TransWikia.com

Spacy Text classification (Binary Classification)

Data Science Asked by krishna rao gadde on March 30, 2021

I have a dataset of two folders. One of them contains the documents(text, pdfs) related to personal information (like name,email,address etc), the other contains non-personal information.

I have to train a model using Spacy, based on these two folders. So, when we predict a given document, it should predict among these two folders.

I have tried writing many codes taking reference from Github, but nothing seem to be worked.

So, can anyone give me a code sample to train a model based on the information given above and predict ?

I have done some hands on, on the below code

import spacy
from spacy import displacy
from spacy.util import minibatch, compounding

train_data = [("This has names, emails, addresses ", {'cats': {'POSITIVE': 1}} ), ("This has games, food, etc", {'cats': {'POSITIVE': 0}})]

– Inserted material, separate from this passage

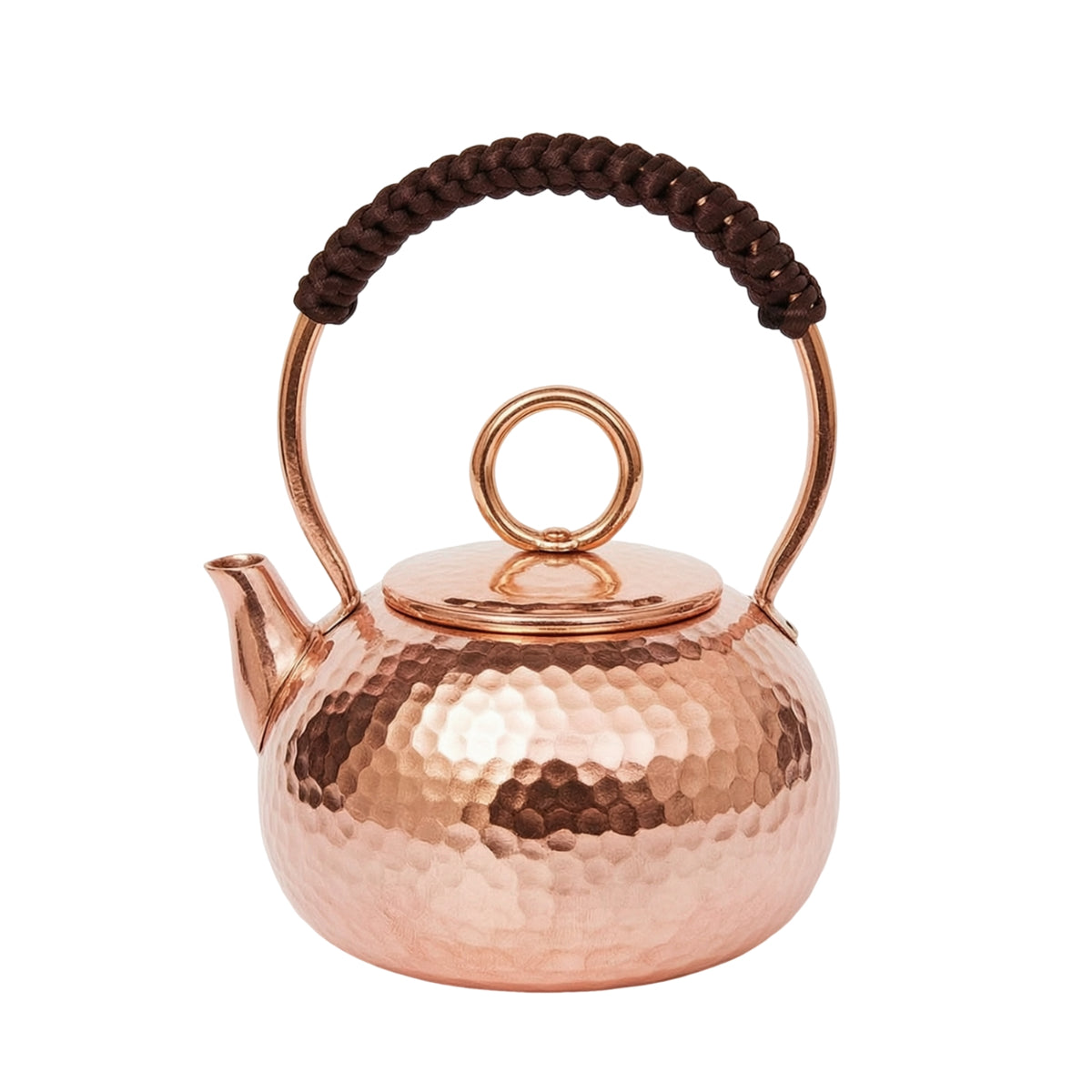 Tea Kettle with Wrapped Handle Polished Teapot Handmade for Collectors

nlp = spacy.load('en_core_web_sm')

if 'textcat' not in nlp.pipe_names:
    textcat = nlp.create_pipe("textcat")
    nlp.add_pipe(textcat, last=True)
else:
    textcat = nlp.get_pipe("textcat")

textcat.add_label('POSITIVE')

other_pipes = [pipe for pipe in nlp.pipe_names if pipe != 'textcat']

n_iter = 1


with nlp.disable_pipes(*other_pipes):
    optimizer = nlp.begin_training()
    print("Training model...")
    for i in range(n_iter):
        losses = {}
        batches = minibatch(train_data, size=compounding(4,32,1.001))
        for batch in batches:
            texts, annotations = zip(*batch)
            nlp.update(texts, annotations, sgd=optimizer,
                      drop=0.2, losses=losses)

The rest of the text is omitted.